Look through the records, and wherever the string "with" turns up, copy out that line.

* Exercise data *
------------------------------------------------------------

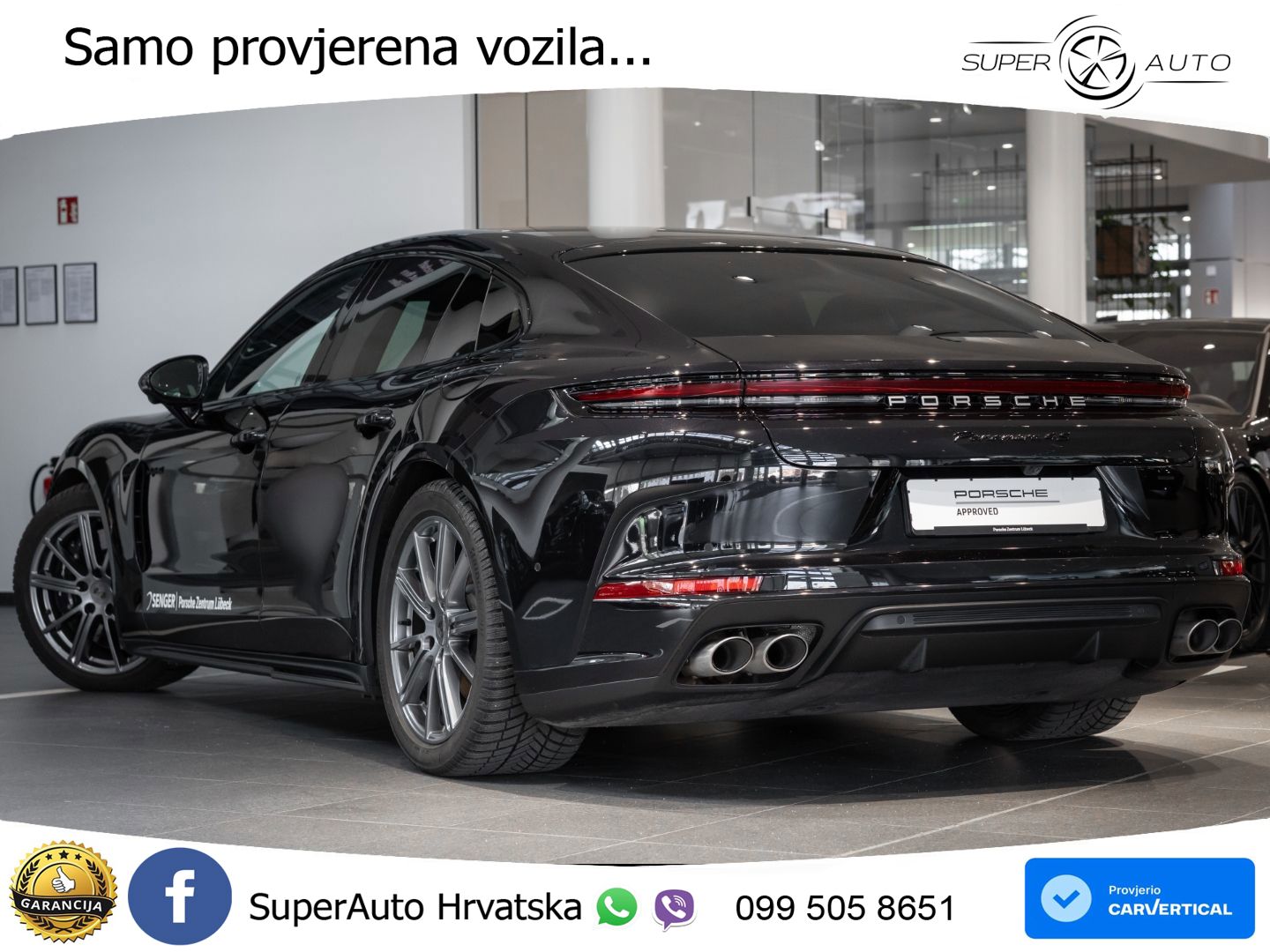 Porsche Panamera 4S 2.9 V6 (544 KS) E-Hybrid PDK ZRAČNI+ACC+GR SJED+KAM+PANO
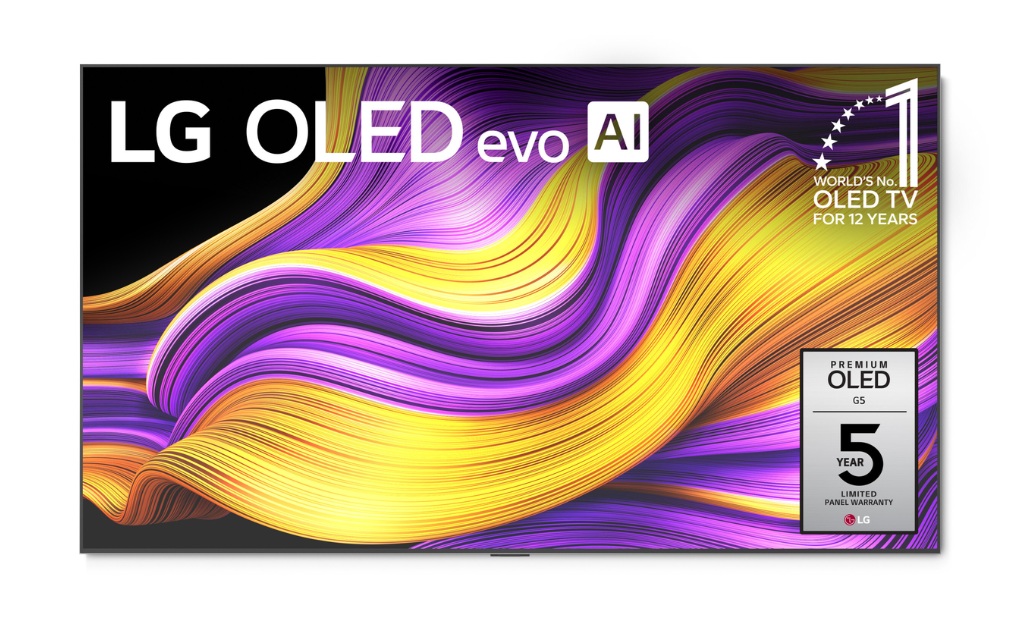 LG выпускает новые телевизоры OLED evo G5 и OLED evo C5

------------------------------------------------------------

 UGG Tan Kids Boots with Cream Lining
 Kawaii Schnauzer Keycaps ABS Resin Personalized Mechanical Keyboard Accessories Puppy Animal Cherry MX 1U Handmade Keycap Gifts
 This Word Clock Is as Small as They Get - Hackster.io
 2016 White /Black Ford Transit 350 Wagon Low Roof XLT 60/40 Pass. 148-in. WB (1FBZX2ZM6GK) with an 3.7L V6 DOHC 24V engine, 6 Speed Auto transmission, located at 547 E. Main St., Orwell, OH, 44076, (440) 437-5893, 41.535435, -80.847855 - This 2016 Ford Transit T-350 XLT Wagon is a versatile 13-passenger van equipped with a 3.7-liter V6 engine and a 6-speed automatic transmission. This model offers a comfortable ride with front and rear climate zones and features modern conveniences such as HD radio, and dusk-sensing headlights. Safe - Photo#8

------------------------------------------------------------

* Output below *
 UGG Tan Kids Boots with Cream Lining
 2016 White /Black Ford Transit 350 Wagon Low Roof XLT 60/40 Pass. 148-in. WB (1FBZX2ZM6GK) with an 3.7L V6 DOHC 24V engine, 6 Speed Auto transmission, located at 547 E. Main St., Orwell, OH, 44076, (440) 437-5893, 41.535435, -80.847855 - This 2016 Ford Transit T-350 XLT Wagon is a versatile 13-passenger van equipped with a 3.7-liter V6 engine and a 6-speed automatic transmission. This model offers a comfortable ride with front and rear climate zones and features modern conveniences such as HD radio, and dusk-sensing headlights. Safe - Photo#8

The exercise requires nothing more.